Top of MATERIAL FOR THE TASK

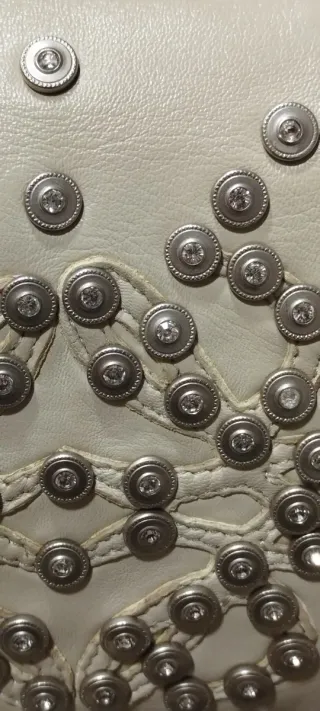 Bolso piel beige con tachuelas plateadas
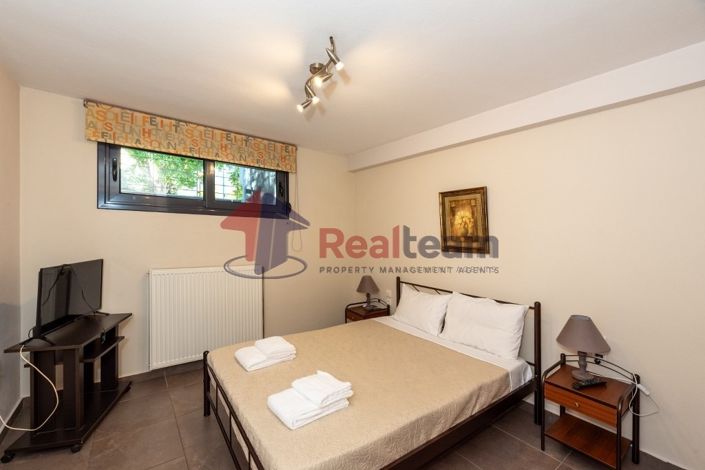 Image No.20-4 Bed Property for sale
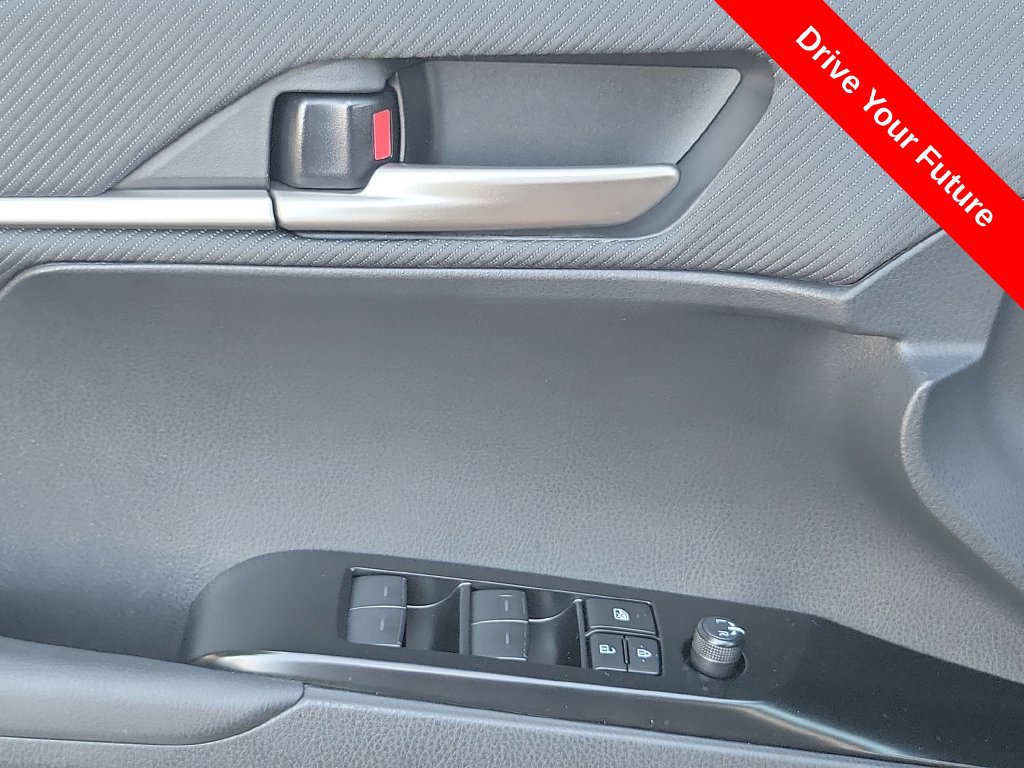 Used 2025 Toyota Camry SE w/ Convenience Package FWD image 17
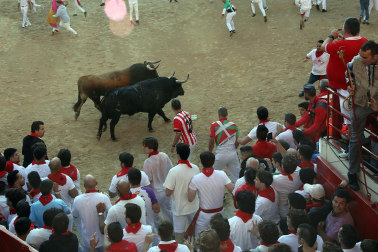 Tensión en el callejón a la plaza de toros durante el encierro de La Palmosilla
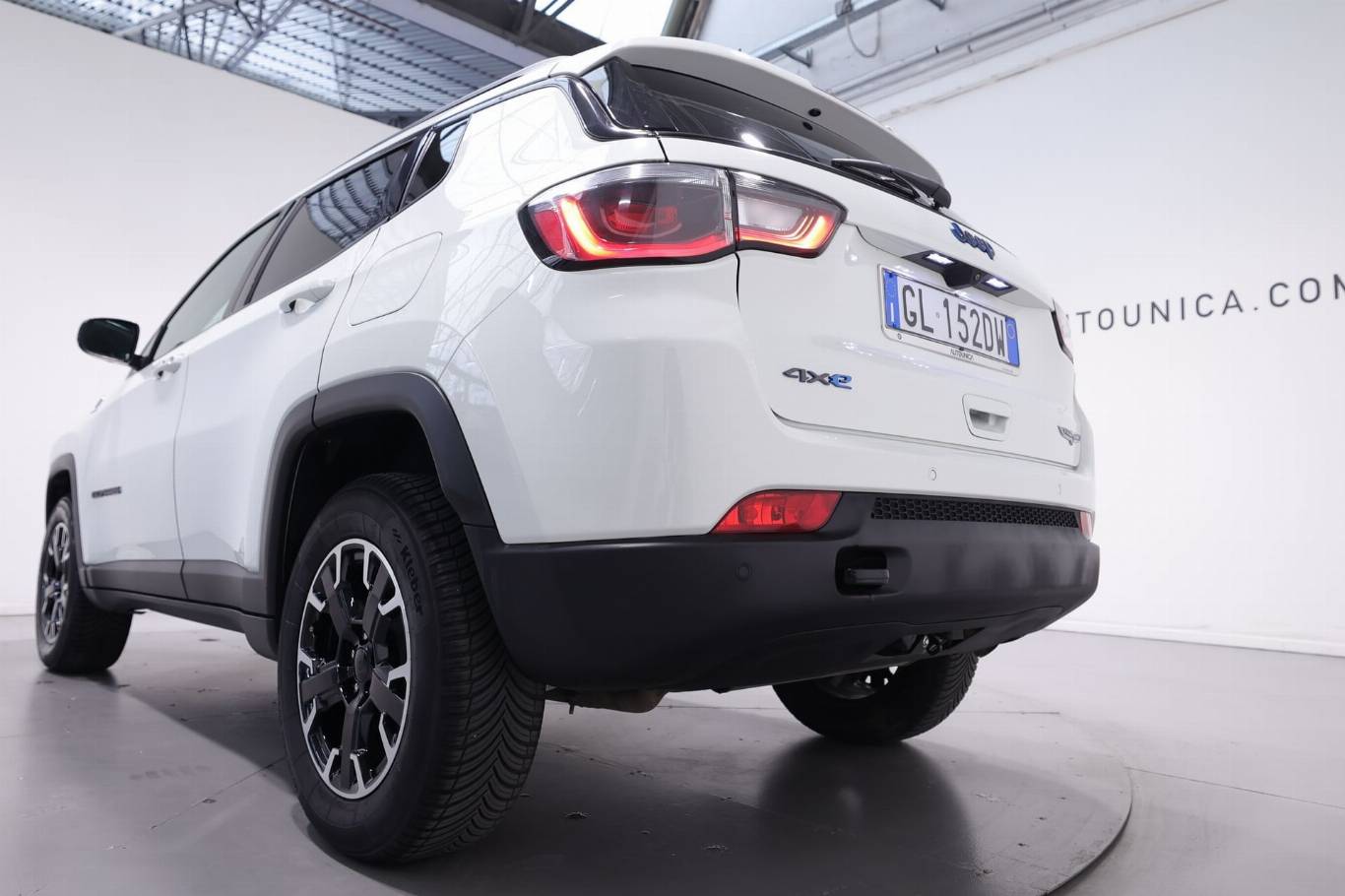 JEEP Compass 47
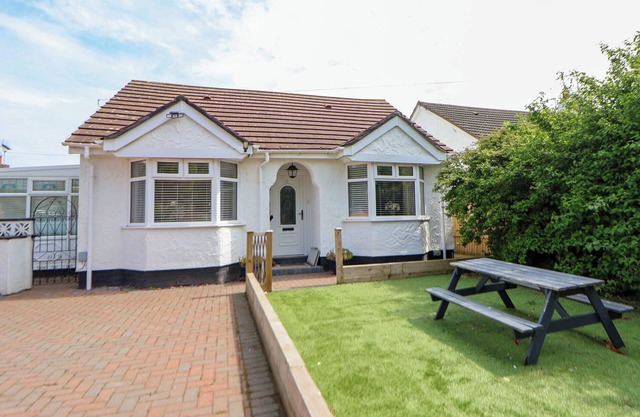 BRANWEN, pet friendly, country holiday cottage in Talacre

Bottom of MATERIAL FOR THE TASK

ABOUT THIS EXERCISE:
Reproduce exactly, with every picture left out, the lines from the one that contains "Image No.20-4 Bed Property for sale" to the final line of the records above.

OUTPUT FOR THIS TASK:
 Image No.20-4 Bed Property for sale
 Used 2025 Toyota Camry SE w/ Convenience Package FWD image 17
 Tensión en el callejón a la plaza de toros durante el encierro de La Palmosilla
 JEEP Compass 47
 BRANWEN, pet friendly, country holiday cottage in Talacre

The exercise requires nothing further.